Start of SUPPLIED ENTRIES

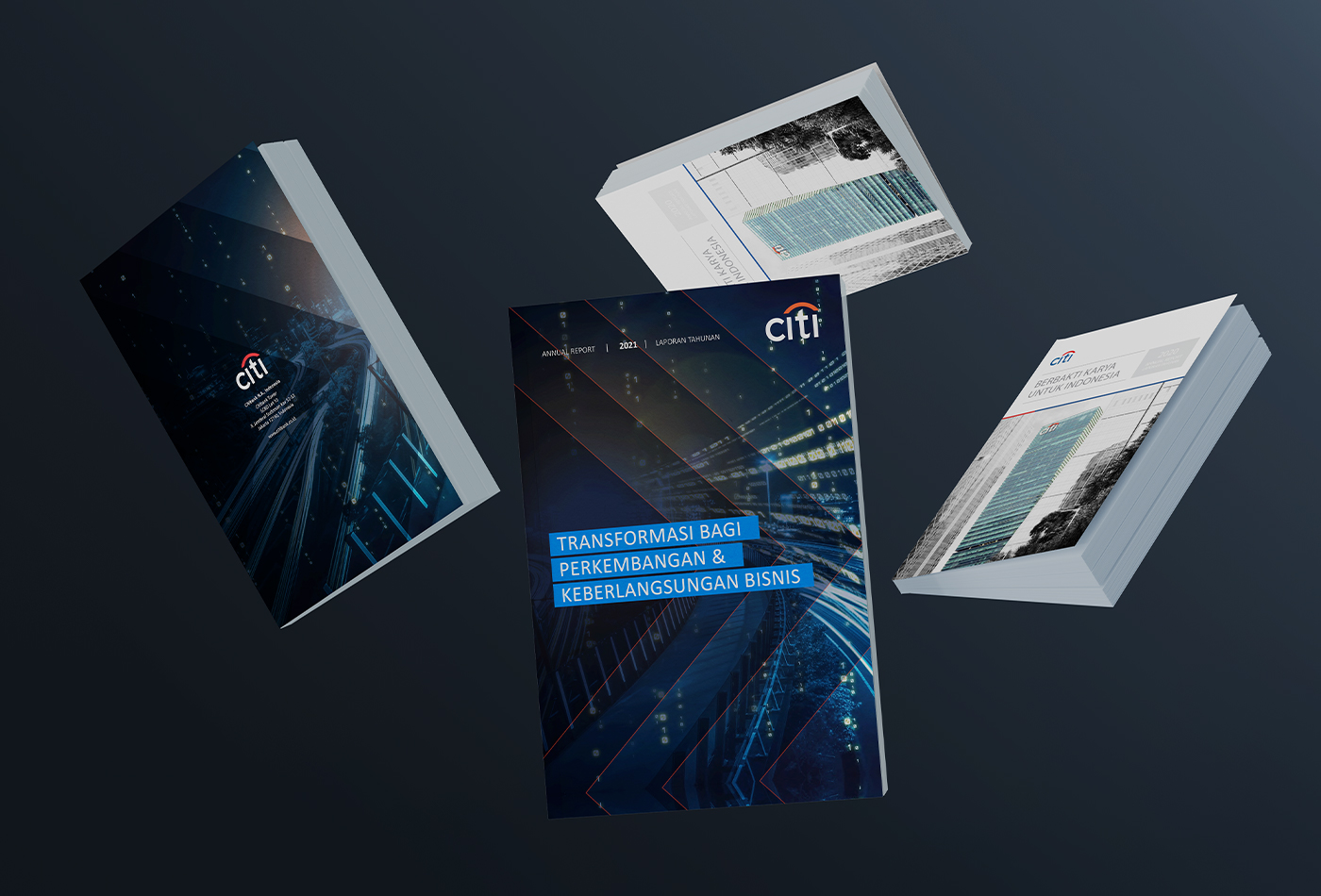 The annual report book front and back covers.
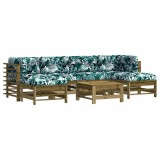 Set mobilier de gradina cu perne, 7 piese, lemn de pin tratat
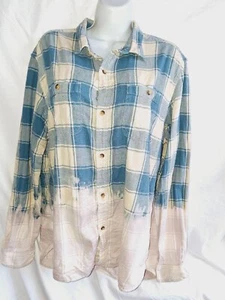 Women's Koto dip bleached ombre Flannel Shirt, L-G, Blue & pink - Picture 1 of 4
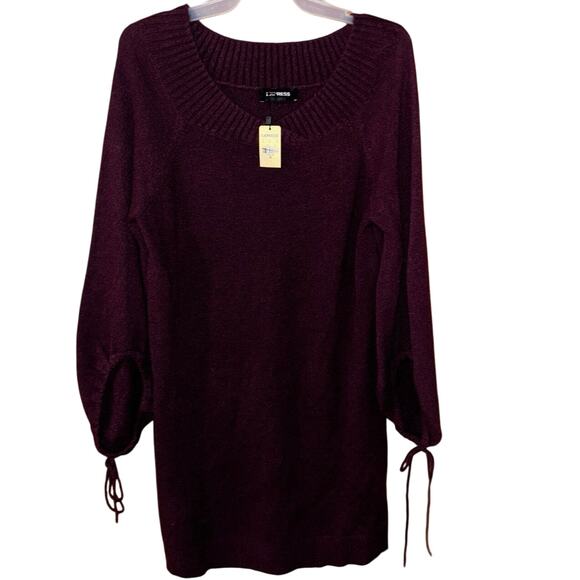 Express Dresses & Skirts - Express women’s burgundy sweater dress long sleeves with ties NWT (XS)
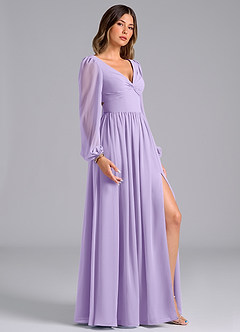 Azazie Zeya Bridesmaid Dresses Lilac A-Line Long Sleeve Chiffon Dress image3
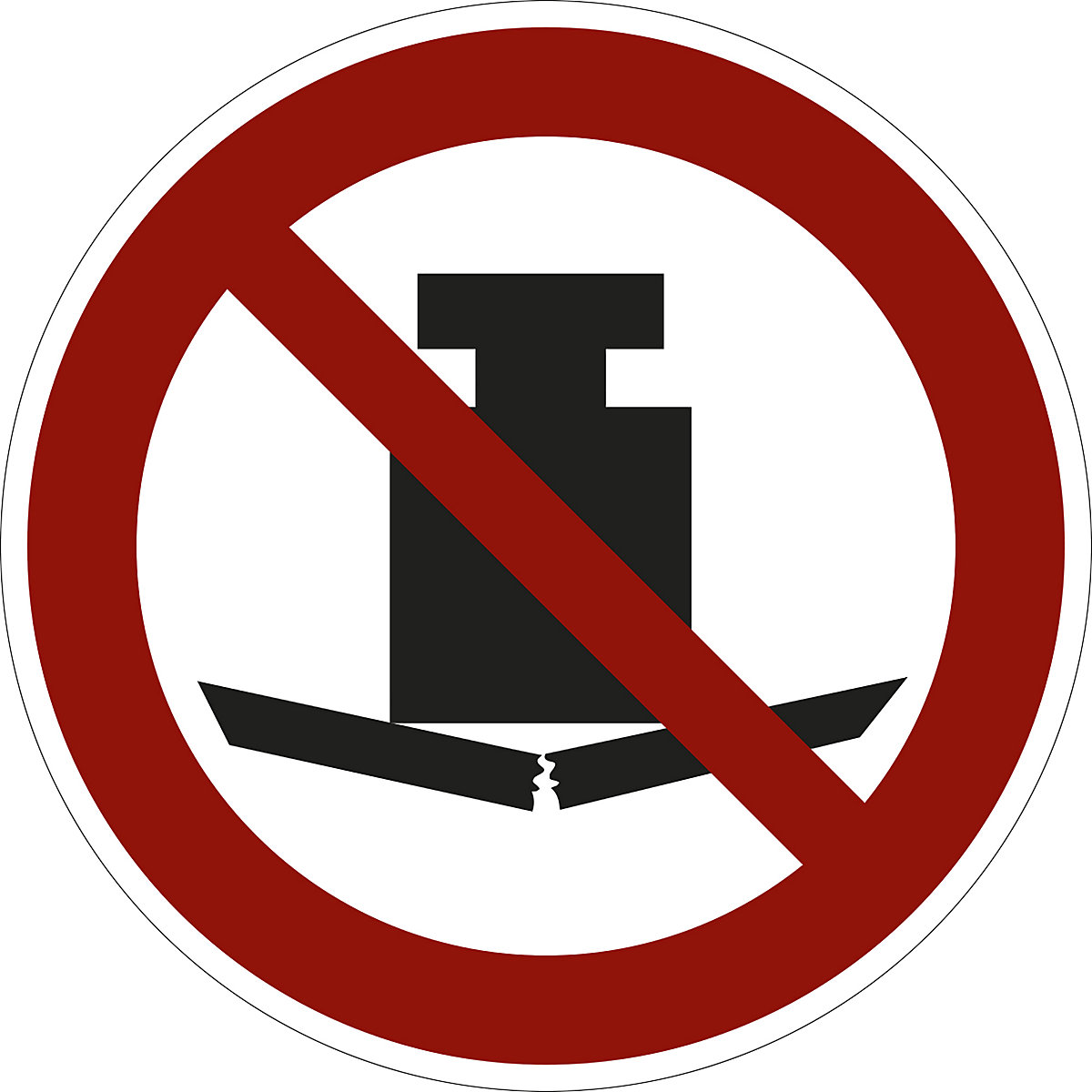 Señal de prohibición, prohibidas las cargas pesadas, UE 10 unid., plástico, Ø 200 mm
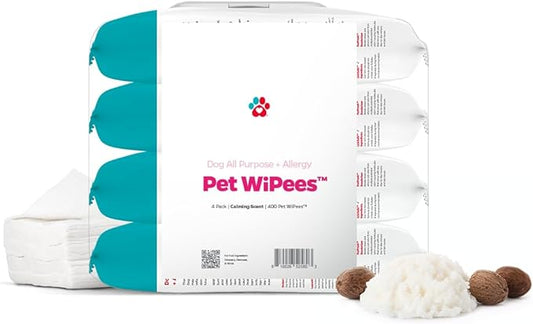 Pet Parents® Pet WiPees Dog All Purpose + Allergy Dog Wipes, Pet Wipes for Dogs, Puppy Wipes & Paw Wipes, Large Dog Wipes (100 Count (Pack of 4), Calming)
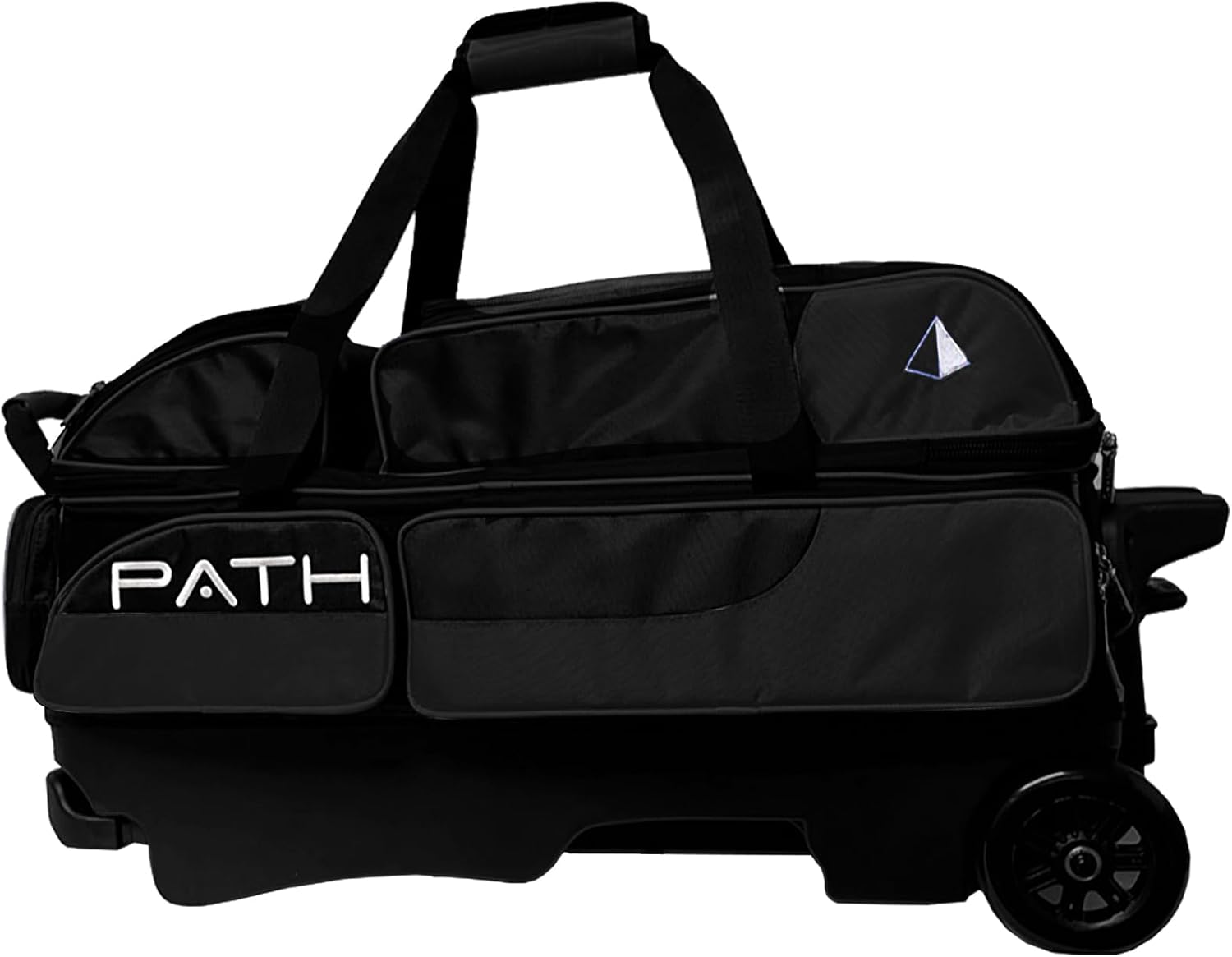 Pyramid Path Triple Premium Deluxe Roller Bowling Bag With Extra Large Separate Shoe Compartment (Up To US Mens Size 16) and 5 Accessory Pockets, 5' Wheels, Retractable Locking Handle - Extends to 42'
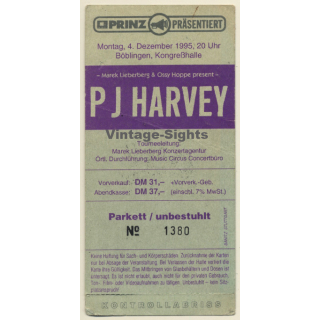 PJ Harvey - Böblingen Kongreßhalle 1995 / Concert Ticket - Cancelled (Vintage Memorabilia)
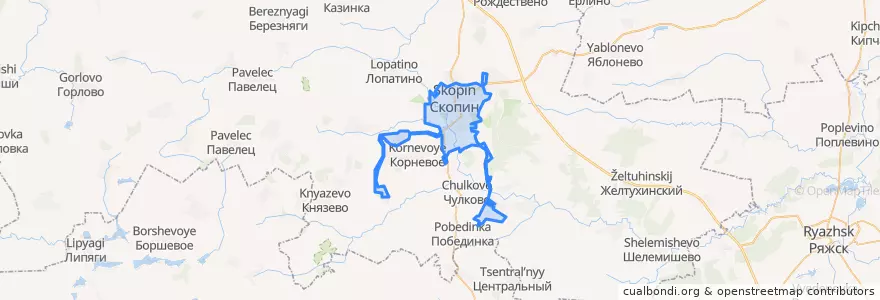 Mapa de ubicacion de городской округ Скопин.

End of SUPPLIED ENTRIES

_EXERCISE OBJECTIVE_
Print the entire listing above verbatim. No picture should be included.

_COMPLETED EXERCISE_
 The annual report book front and back covers.
 Set mobilier de gradina cu perne, 7 piese, lemn de pin tratat
 Women's Koto dip bleached ombre Flannel Shirt, L-G, Blue & pink - Picture 1 of 4
 Express Dresses & Skirts - Express women’s burgundy sweater dress long sleeves with ties NWT (XS)
 Azazie Zeya Bridesmaid Dresses Lilac A-Line Long Sleeve Chiffon Dress image3
 Señal de prohibición, prohibidas las cargas pesadas, UE 10 unid., plástico, Ø 200 mm
 Pet Parents® Pet WiPees Dog All Purpose + Allergy Dog Wipes, Pet Wipes for Dogs, Puppy Wipes & Paw Wipes, Large Dog Wipes (100 Count (Pack of 4), Calming)
 Pyramid Path Triple Premium Deluxe Roller Bowling Bag With Extra Large Separate Shoe Compartment (Up To US Mens Size 16) and 5 Accessory Pockets, 5' Wheels, Retractable Locking Handle - Extends to 42'
 PJ Harvey - Böblingen Kongreßhalle 1995 / Concert Ticket - Cancelled (Vintage Memorabilia)
 Mapa de ubicacion de городской округ Скопин.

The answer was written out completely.